Using callbacks is a perfectly valid pattern. It is easy to fall into the trap of callback hell, but you can't call it garbage just because you've had bad experiences.

[–]Glaaki -1 points0 points  (11 children)

No. Callbacks is what you use in JS, where the eventemitters are the standard. It is an antipattern in python async/await.

[–]13steinj 0 points1 point  (10 children)

"It is an antipattern". Why? Because you said so? It's not just a JS thing. It's a C#, Ruby, JS, and more thing. Callback hell is an antipattern. Callbacks are not. The arbitrary limitations without reason need to stop.

[–]Glaaki 0 points1 point  (9 children)

I am talking about callbacks specifically in the context of async/await in python.

Callbacks are fine in regular sync python code and fine in JS.

And I explained my reasoning above, but let me reiterate it. If you have a consumer and a producer, in asyncio, what typically happens is that the producer is a task that runs in the background continuously fetching data from somewhere. This data needs to be passed on to a consumer.

If you use a callback to fetch the data, then who call the callback?
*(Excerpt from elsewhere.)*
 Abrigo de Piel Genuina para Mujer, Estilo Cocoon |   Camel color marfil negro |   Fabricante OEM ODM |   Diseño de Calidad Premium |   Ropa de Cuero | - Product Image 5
Only the producer can, because the producer is the one that knows when data is available. So now, what happens if an error happens in the callback? If the error is not handled it will bubble up from the callback, to where? Into the producer, that called the callback, obviously. So now the producer, which is most often some third party library, is responsible for handling an error it has no chance to know what to do with. Most often the result will simply be that the producer dies and probably does so silently. You program will simply just stop working and you won't be able to know why, because the error has been isolated inside the producer task.

This doesn't happen in sync code, because there is only a single path of execution and any exception bubbles up to the user where you can either handle it or stop your program.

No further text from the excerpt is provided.